A psicanálise demonstra a eficácia e os fracassos da utilização da fala e da linguagem no tratamento do sofrimento do sujeito. Freud, em sua obra, exorta os analistas a ir além da proposta psicoterapêutica que visa o simples bem-estar e a reparação dos danos, nos enviando a uma clínica em que a separação se coloca e o sofrimento terá que ser elaborado, dito no encontro com o analista. Na clínica psicanalítica, testemunhamos o poder do significante e das palavras sobre o sintoma, por outro lado nos deparamos com algo que escapa à linguagem, com o impossível a ser dito, revelando a dimensão do objeto. Assim, encontramos a noção de objeto no centro dessa experiência. Embora o interesse de uma análise seja a fala, o que colocará em questão a causa para um sujeito será antes um furo no saber, algo que resiste a toda significação, o que Lacan (1962-1963/2005) nomeou como objeto a.

 

1. O desejo e seu objeto

O objeto terá incidência no tempo de um tratamento psicanalítico, considerando-se que uma psicanálise se dá no tempo de separação do sujeito da demanda do Outro, no tempo do encontro do sujeito com o objeto que está em jogo no seu desejo, com o que o causa.

A questão do objeto tal como nos foi trazida na investigação psicanalítica coloca-nos diante de toda uma complexa relação do sujeito com sua própria satisfação. Para Freud (1915/1974), o objeto, por sua variabilidade, é da ordem da contingência, mas será o meio pelo qual a satisfação será atingida, a finalidade última da pulsão.

Primeiramente, esse objeto foi tomado em seu estado de natureza, enquanto um pedaço do corpo, mas, a partir dos efeitos da cultura e mesmo da ciência, os objetos sofrem transformações. O objeto mobiliza o sujeito na busca da satisfação exigida pela pulsão, satisfação plena que jamais será atingida, colocando o sujeito numa busca incessante. A psicanálise revela que essa busca, não obstante, está além da satisfação da pulsão, é a busca do sujeito por uma causa, pela causa do desejo.

Freud (1900/1974) nos apresenta um tempo mítico da constituição da experiência subjetiva em que não haveria nem sujeito nem Outro. Um tempo primeiro, no qual ocorreria uma "vivência de satisfação". Trata-se de um momento em que a necessidade surge imperiosa, exigindo uma satisfação mais além do simples alimento, em que o aparelho psíquico procura manter-se isento de estímulos a fim de evitar o desprazer, descarregando suas excitações pela via motora.

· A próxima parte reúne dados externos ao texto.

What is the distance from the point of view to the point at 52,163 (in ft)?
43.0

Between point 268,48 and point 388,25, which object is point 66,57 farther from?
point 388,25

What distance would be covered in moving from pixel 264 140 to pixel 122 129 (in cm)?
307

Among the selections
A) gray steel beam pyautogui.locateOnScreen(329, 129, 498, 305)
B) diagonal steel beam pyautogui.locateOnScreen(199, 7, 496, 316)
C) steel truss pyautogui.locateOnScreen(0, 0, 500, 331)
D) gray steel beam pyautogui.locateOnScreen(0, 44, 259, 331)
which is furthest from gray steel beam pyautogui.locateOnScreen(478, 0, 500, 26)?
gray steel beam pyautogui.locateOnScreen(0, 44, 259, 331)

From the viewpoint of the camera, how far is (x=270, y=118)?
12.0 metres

Nessa busca do sujeito está a lógica do tempo retroativo, do tempo a posteriori, que opera e pode ser vista no interior da experiência psicanalítica. Freud (1900/1974), em "A interpretação dos sonhos", uma busca do sujeito por uma satisfação perdida, uma trajetória que visa ao reencontro da primeira experiência de satisfação, que deixa um rastro, um traço mnêmico de certa percepção particularizada, um resto de uma satisfação original que o sujeito busca reencontrar. Assim, a "experiência de satisfação" será também o resultado do encontro do traço deixado pela necessidade com o traço correspondente à percepção do objeto que irá satisfazer a necessidade. A "experiência de satisfação" será também uma experiência de insatisfação, uma vez que a satisfação primeira buscada jamais será reencontrada. Nessa construção freudiana, a criança vive, desde a saída do útero, um desamparo primordial e, diante do vazio, o bebê tem no grito seu primeiro chamado ao Outro, sua primeira demanda ao Outro. Além de marcar o momento de entrada no simbólico, no grito vemos uma primeira forma de cessão irrecuperável e sem retorno do objeto.

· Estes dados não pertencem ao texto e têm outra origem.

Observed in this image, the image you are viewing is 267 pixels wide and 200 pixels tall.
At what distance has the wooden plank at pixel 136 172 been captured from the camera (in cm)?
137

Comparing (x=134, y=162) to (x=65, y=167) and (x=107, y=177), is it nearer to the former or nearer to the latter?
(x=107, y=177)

Para Freud (1900/1974), a experiência de satisfação provoca uma percepção do objeto que faz da imagem mnésica correspondente a essa percepção um lugar vazio. Quando a excitação surgir, ela suscitará uma moção psíquica que investirá de novo a imagem mnésica daquela percepção a fim de restabelecer a situação da satisfação primeira. Com a repetição da experiência, o que virá será a insatisfação apontando para o fracasso do princípio do prazer. Freud (1900/1974) observa o surgimento de um movimento de repetição da "vivência de satisfação", que terá como consequência a repetição do fracasso da busca da satisfação e o encontro com a insatisfação, com a falta do objeto que move a busca do sujeito.

Descreve-se, assim, um funcionamento próprio do sujeito na busca da sua satisfação: depois de um tempo primitivo, a via desse retorno leva a um tempo posterior. A identidade de percepção e o desejo alucinatório fazem da repetição da percepção primeira, da percepção que esteve vinculada à satisfação da necessidade, um ato falho. No ato dessa repetição o desejo não alcança a satisfação e se faz metonímico, negativizando o objeto da necessidade.

Nessa elaboração, num tempo tramado entre a tensão da necessidade e a demora do aparecimento do objeto satisfatório, surge o desejo. Para Freud (1900/1974), o desejo será o impulso psíquico que tenderá a restabelecer a satisfação originária. O desejo errático e indestrutível consiste na repetição sempre renovada e impossível de uma satisfação. Portanto, não há um objeto que possa satisfazer o desejo, mas o impulso do desejo mobiliza no inconsciente o movimento de repetir o contorno de uma satisfação, em que tanto o objeto quanto a satisfação estão marcados por uma falta. Vemos que a falta originária do objeto perpetua e eterniza o desejo inconsciente. Portanto, encontramos na construção psicanalítica primeiramente o objeto do desejo como o objeto perdido da experiência de satisfação alucinatória, o objeto em jogo no nível do processo primário.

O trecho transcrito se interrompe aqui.